In the case of The People v. Hills, 35 N. Y. 449, it was held that “an act to amend and consolidate the several acts relating to the city of Boehester,” was a local act, within the meaning of the constitutional provision “ that no private or local bill which may be passed by the legislature shall embrace more than one subject, and that shall be expressed in the title.” In The People v. O'Brien, 38 N. Y. 193, the *423question before the court was whether an act of the legislature, so far as it related to the term of office and the time for electing councilmen in the city of New York, was a general or local law. The court said: “It is clear that it relates only to the officers of the municipal corporation of New York, and has no force outside of the territory embraced in the corporation, nor any possible effect upon property not within the corporate limits, or upon persons not for the time being within such limits. It would seem to follow necessarily that the act in question is local, as contradistinguished from general. The former is entirely confined in its operations to the property and persons of a specified locality, the latter embracing either persons or property of the people of the state generally, or some class of persons or species of property.”

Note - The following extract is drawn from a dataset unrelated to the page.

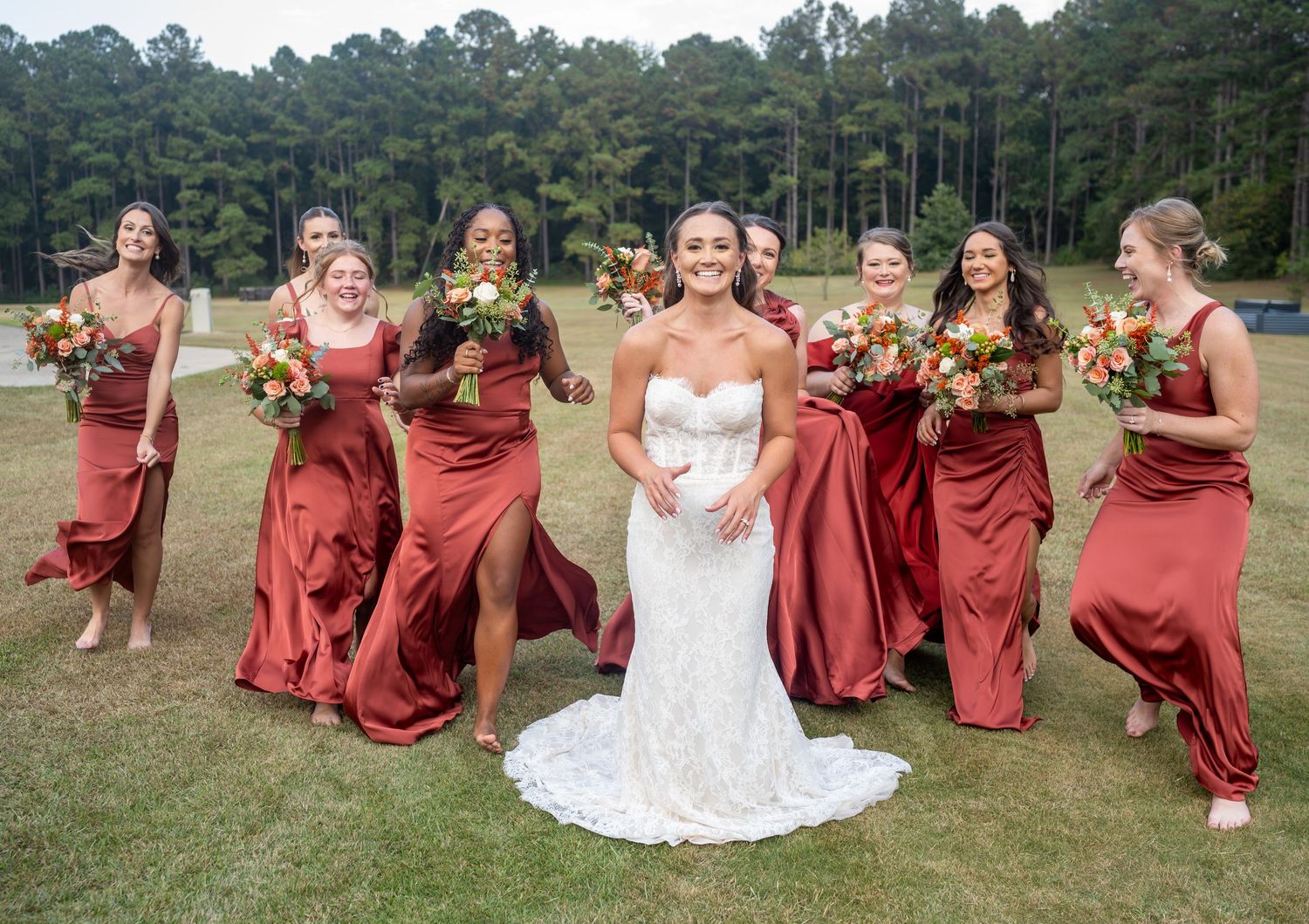 Wedding party in rust-colored dresses and white gown pose joyfully on grass with pine trees in background.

In The People v. Allen, 42 N. Y. 378, the question was whether an appropriation of money to improve Bouquet river was a general or local act. It was a small stream emptying into Lake Champlain, and navigable for boats about three miles from its mouth. Of it the court says: “Its name is not found upon the general maps of the state; it is not found in any general history of the country, and its character is in no way defined in any public statute; and it is not of such notoriety as to be known generally to the people of the state; and hence the courts can take no more notice of its character and existence than of the character, location, and usefulness of the ordinary highways of the state. In this respect it is unlike the great rivers and lakes of the state, and the mountain ranges, which are matters of general history and public notoriety.” The court further says: “This is unlike any of the improvements of the Hudson river. That is a river navigable for about one hundred and fifty miles, forming a necessary link in the chain of water communication between the ocean and the great lakes. It acts an important part in the commerce of the whole state, and the citizens of the state generally are interested in its navigation. An improvement made in its navigation at any point would not be mainly or materially for the benefit of the people living at or near that point, but *424would be for tbe benefit of tbe entire commerce of that great river, and of the commerce of the whole state.” The statute was held by the court to be a local act, because of the insignificant character of Bouquet river, and because the improvement of it would be mainly for the benefit of the people living in the immediate locality. But the court clearly intimates that an act for the improvement of the Hudson river would not be a local but a general one, because it is the connecting link in the chain of water communication between the ocean and the inland lakes. The court of appeals, in the case of The People v. Supervisors of Chautauqua, 43 N. Y. 10, goes into a somewhat critical examination of the authorities defining what is a.local and what a general act, but in its essential features it is substantially like the case last referred to.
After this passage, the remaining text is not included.